Devo ammettere che ho sempre avuto un debole per Greg Trooper, un musicista che è in attività dal 1986 (il suo primo album introvabile è stato We Won’t Dance), che ha scritto tra gli altri per Steve Earle, Robert Earl Keen, Vince Gill, Billy Bragg , Rosanne Cash e la grande Maura O’Connell (di cui purtroppo ho perso le tracce), e da allora è stato tutto un crescendo qualitativo per questo folk singer, precursore del suono che viene etichettato come “americana”. Ottimi infatti i suoi successivi lavori, a partire da Everywhere (92), Noises In The Hallway (96) forse il migliore del primo periodo, Popular Demons (98), Straight Down Rain (2001) il debutto per la Sugar Hill con Floating (2003); in mezzo c’è stato anche uno  live acustico Between A House and A Hard Place: Live At Pine Hill Farm  (venduto purtroppo solo via internet). Il sodalizio con la meritoria indie della North Carolina, prosegue con l’ottimo Make It Through This World (2005), un altro live di difficile reperibilità The Backshop Live (2006), The Williamsburg Affair (2009), Upside-Down Town (2010), fino a questo Incident On Willow Street, distribuito (meritoriamente) dalla nuova Appaloosa Records (indimenticabile creatura del compianto Franco Ratti).

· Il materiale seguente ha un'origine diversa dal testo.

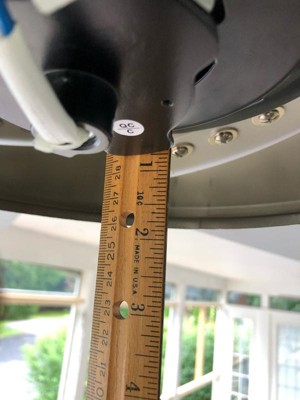 Guest review image 1 of 6, zoom in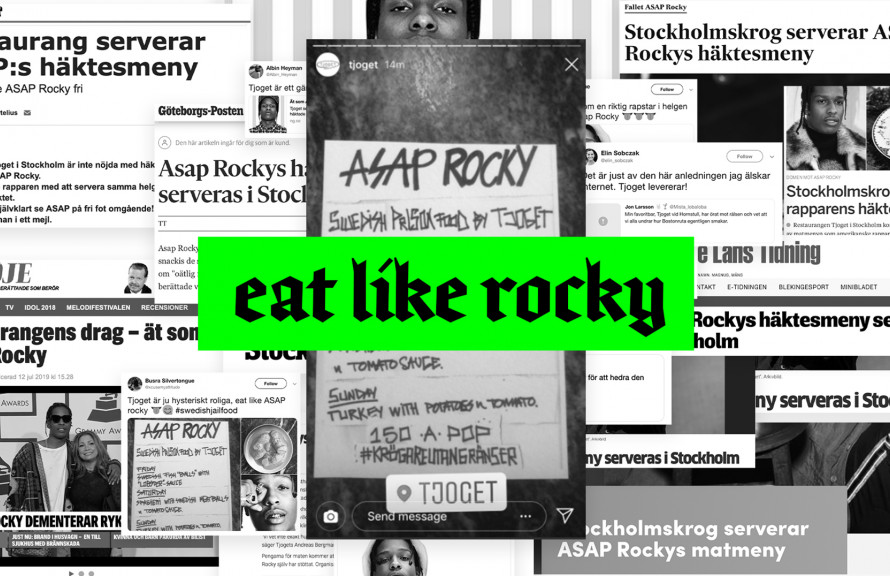 EAT_LIKE_ROCKY_CASEBILDER_BOWEBB_21_Utvald-bild.jpg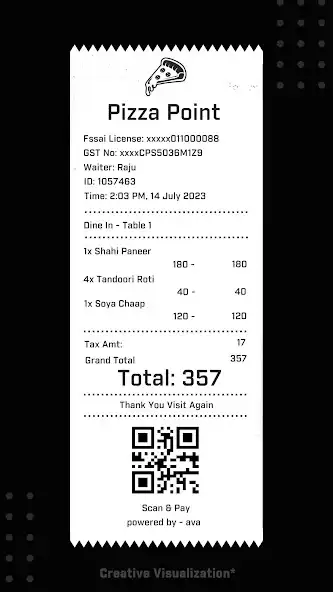 Play droga - Fast Billing, KOTs App as an online game online droga - Fast Billing, KOTs App with UptoPlay Play droga - Fast Billing, KOTs App as an online game droga - Fast Billing, KOTs App with UptoPlay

Affiancato da musicisti stellari, a partire dal bravissimo polistrumentista Larry Campbell che suona di tutto, chitarre, pedal steel, mandolino, violino, banjo e bouzuki, Jack Saunders al basso, Oli Rockberger alle tastiere, Kenneth Blevins (dalla band di Hiatt) alla batteria e la brava Lucy Wainwright Roche alle armonie vocali, Greg presenta tredici tracce che spaziano tra folk anglosassone, country, rock e un pizzico di soul, per un suono più variegato rispetto agli ultimi album di studio.

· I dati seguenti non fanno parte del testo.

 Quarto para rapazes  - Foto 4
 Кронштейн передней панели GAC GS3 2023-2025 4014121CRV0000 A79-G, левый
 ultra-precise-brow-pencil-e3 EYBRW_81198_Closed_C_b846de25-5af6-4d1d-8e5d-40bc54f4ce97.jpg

Il viaggio inizia con una delicata All The Way To Amsterdam, mentre il mandolino di Campbell (colonna portante di tutto il disco), spadroneggia in Good Luck Heart, a cui fa seguito la ballata intimista Steel Deck Bridge. Sonorità irlandesi fanno capolino in Mary Of  The Scots In Queens, un folk cadenzato dalla  melodia avvolgente, per poi passare al soul di Everything’s A Miracle  e alle ballate acustiche The Land of No Forgiveness (che si avvale della voce angelica della Roche) e Amelia (dove troviamo alla batteria il figlio Jack). One Honest Man è un bel brano rock valorizzato dalla chitarra di Larry, seguito dalla grintosa Living With You, mentre This Shitty Deal è una ballatona country (alla Los Lobos). Il viaggio si avvia alla fine con la danza campestre di The Girl In The Blue e il country evocativo di Diamond Heart, che sa di vecchio west, con la bella voce di Trooper, che ricorda sapori di altri tempi. La bonus track (solo per il mercato italiano) è una torrida versione dal vivo di Ireland (era sull’album Everywhere), con la fisa a dettare il ritmo alla band (la versione Appaloosa è un bel digipack che contiene una taschina dove c’è il libretto con i testi e traduzione italiana, molto meritorio!).

Greg Trooper è uno di quei rari cantautori che solo l’America sa produrre, ha un talento fuori dalla norma, che lo affianca facilmente a solisti della fama di Steve Earle, Joe Ely e John Hiatt, perché sa scrivere canzoni di grande forza, fa della grande musica che gli sgorga dal profondo dell’anima, non vende illusioni, ma parla d’amore e di speranza.

***NDT: Domenica 27 Ottobre 2013 alle 18,00 suona dalle mie parti, alla Pizzeria Trapani in quel di Pavia, per chi fosse interessato l’ingresso è gratuito, io ci sarò sicuramente. Alla prossima!